Допустим — и сразу окажемся перед неразрешимым противоречием. Ведь Гумилев — и это почему-то игнорируется биографами, — самый политически деятельный человек среди литераторов той эпохи, причем подчеркнем, что речь идет здесь не о теоретических выкладках, сколь угодно радикальных, и не о демонстрации сочувствия деятельности той или другой политической партии или организации, так, как это обычно бывает: путем голосования на выборах, посещения митингов и собраний или даже выступлений в печати. Речь идет именно о действии как отклике на политический призыв, действии недвусмысленном, сопряженным с риском для жизни, таком, при котором «мосты» за собой, как правило, сжигаются.
Примеры очевидны.
В патриотических манифестациях в начале войны участвовали многие, равно как и многие отразили свое отношение к происходящему письменно — в беллетристической или публицистической формах. Однако в добровольцы записываться не спешили. Тем более не рвались в действующую армию, на передовую.

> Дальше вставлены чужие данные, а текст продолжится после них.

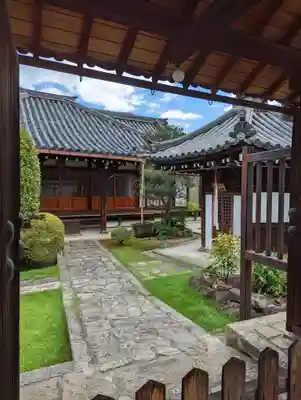 来迎堂 新善光寺(京都府)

Военные бунты 1917 года против Временного правительства ни один из литераторов, тому правительству сочувствующих, сам не подавлял, хотя за «поддержку революционного порядка» в армии, разлагаемой на глазах большевиками и анархистами, выступали достаточно.
Точно так и протестовали против большевицких насилий в ранние «советские» годы чуть ли не все участники «Всемирной литературы» с самим Горьким во главе, но в ПВО, а затем и под чекистскими пулями на Ржевском полигоне оказался один Гумилев.
И вот получается, что «аполитичный» Гумилев, «цельный и выразительный жрец "искусства для искусства"» (A.B. Амфитеатров), чуть ли не единственный, по крайней мере из виднейших литераторов той эпохи, ни много ни мало — семь последних лет своей жизни выступал в роли отнюдь не «свидетеля, а «делателя» истории. И это наводит на размышления самые неожиданные.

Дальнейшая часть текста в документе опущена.